For many faculty members, there's less time for on-campus socializing because longer work commutes and more planned events vie for precious time. "My impression is that the faculty, me included, are extremely busy, and we don't exactly have time to socialize. It's wonderful to have opportunities to bring folks together, but I don't see what [a club] is going to do over the things that we already have," said Sherryl Goodman, professor of psychology. "It may make more sense to invest in what we already have," she added, citing the abundance of lectures, music, dance and theater performances on campus.

"A faculty club should not be considered in recreational terms," Johnson stressed, "but in re-creational terms. A desire to create a culture of intellectual exchange cannot be brought to fulfillment without a specific place where it can happen."

The faculty shape the purpose of their club. The Stanford club, said Chace, "was more a place to do business than simply to socialize. And it served as a handsome lure for faculty you might want to recruit."

Cody, who works on the Oxford campus, has warmed to the need for a special space for faculty. "I have not been one of the strongest advocates," he admitted. "However, I have been persuaded that it would be useful by those who are strong advocates.

"There are places students can go and be only with students, staff with staff. Are there places where [large numbers] of faculty can go and be with other faculty? Not really," he said. What's more, Cody added, "It's increasingly hard on the Atlanta campus to secure meeting rooms without a great amount of lead time, which takes away from any spontaneity."

The creation of a special place for faculty could be as simple as shaping or allocating existing spaces, Johnson said. "Moving in the direction of creating space for faculty collegiality should not be stymied by the specter of building a large and elaborate structure," he said.
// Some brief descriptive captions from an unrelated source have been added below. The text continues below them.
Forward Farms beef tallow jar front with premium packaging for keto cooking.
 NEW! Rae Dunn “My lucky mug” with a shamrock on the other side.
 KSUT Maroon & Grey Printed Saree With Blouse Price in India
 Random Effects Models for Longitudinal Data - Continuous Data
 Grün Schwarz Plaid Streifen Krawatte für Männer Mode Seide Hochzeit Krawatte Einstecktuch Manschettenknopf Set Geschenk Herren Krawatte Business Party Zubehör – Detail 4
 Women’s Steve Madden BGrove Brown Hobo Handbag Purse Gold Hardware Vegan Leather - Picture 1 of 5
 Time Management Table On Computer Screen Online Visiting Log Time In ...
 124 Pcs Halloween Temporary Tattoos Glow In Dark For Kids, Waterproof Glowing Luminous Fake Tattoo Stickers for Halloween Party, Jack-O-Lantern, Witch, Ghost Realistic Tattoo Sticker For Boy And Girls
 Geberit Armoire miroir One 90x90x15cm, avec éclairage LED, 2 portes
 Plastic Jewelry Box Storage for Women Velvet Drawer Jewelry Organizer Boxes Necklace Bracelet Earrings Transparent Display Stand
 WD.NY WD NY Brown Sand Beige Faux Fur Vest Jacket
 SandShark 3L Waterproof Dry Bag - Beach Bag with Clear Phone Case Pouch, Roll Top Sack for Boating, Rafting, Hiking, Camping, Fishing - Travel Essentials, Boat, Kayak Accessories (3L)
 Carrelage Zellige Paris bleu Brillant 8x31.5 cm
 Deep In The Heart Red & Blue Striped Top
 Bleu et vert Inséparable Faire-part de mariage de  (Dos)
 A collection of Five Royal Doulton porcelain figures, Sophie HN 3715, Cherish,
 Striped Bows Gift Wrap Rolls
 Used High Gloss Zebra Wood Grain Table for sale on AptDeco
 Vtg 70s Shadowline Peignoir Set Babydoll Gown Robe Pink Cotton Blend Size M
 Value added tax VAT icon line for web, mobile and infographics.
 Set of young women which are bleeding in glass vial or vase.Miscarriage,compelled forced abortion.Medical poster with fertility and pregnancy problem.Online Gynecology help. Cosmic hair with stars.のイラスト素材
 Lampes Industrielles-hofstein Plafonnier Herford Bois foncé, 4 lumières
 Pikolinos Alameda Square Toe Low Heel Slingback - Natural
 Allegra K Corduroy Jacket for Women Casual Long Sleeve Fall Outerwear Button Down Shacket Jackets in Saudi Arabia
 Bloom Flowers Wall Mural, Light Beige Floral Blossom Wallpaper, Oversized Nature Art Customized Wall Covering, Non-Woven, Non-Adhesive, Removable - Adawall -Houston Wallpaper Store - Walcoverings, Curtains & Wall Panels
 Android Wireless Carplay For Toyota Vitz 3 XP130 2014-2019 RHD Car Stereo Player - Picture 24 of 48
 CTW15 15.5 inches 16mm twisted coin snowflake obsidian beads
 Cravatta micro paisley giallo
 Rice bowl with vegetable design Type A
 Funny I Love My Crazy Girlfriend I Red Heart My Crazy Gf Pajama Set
Then there's the question of cost and location. A club wouldn't be built with general education funds, said Cody, but privately funded. And on Emory's compact campus, where would it go? "If you put a club too far away to be reasonably accessible by foot, it won't be used," said Frye. "If you build a club that's not big enough and supported enough-staffed-to provide infrastructure for certain kinds of activities like seminar rooms and seminar support, what's the point?" he asked.

For Goodman, who admitted ambivalence to the whole idea, the bottom line is this: "If it's a facility that would help us to do the work that we all want to do, that we're all so passionate about, that's great."